Fellow sequence fans, I found myself wondering about the asymptotics
of products of Fibonacci numbers, A065108. I was lead to post
http://mathoverflow.net/questions/102540
where I was pointed to the work of Luca, Pomerance, Porubský, and
Wagner. In particular, they consider the *group* generated by the
Fibonacci numbers, which gives rise to A178772. My question, then,
corresponds to the simpler issue of the *semigroup* generated by the
Fibonacci numbers.

Ignoring F_1 = F_2 = 1, F_6 = 8, and F_12 = 144, a number is a product
of Fibonacci numbers (if at all) in a unique way. Consequently, the
problem reduces to one of counting partitions.

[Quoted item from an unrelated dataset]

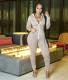 Casual Zipper Long Sleeve One Piece Jumpsuits SFY-187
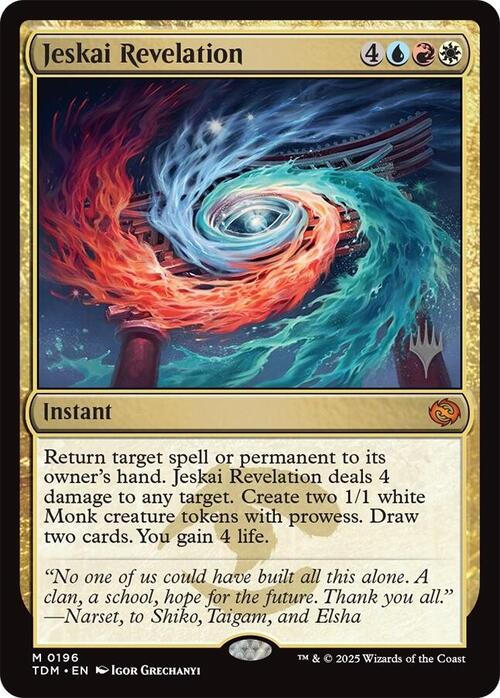 Jeskai Revelation Card Front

Pomerance discusses
this here:
http://www.math.dartmouth.edu/~carlp/rademacherlecture3.pdf (pages 8-13)
where a sketch is drawn up for an asymptotic formula, approximately
40.3559...^sqrt(log(x))
if I compute correctly.

But I now find myself about to leave on a trip and unable to work on
it for at least two weeks. Is anyone interested in working on this
beautiful problem? It would be wonderful to have a formula rather than
a simple ansatz, and indeed Dr. Sloane asks for one at A065108. I can
promise nothing but my appreciation and the eternal glory of credit on
that sequence.

Charles Greathouse
Analyst/Programmer
Case Western Reserve University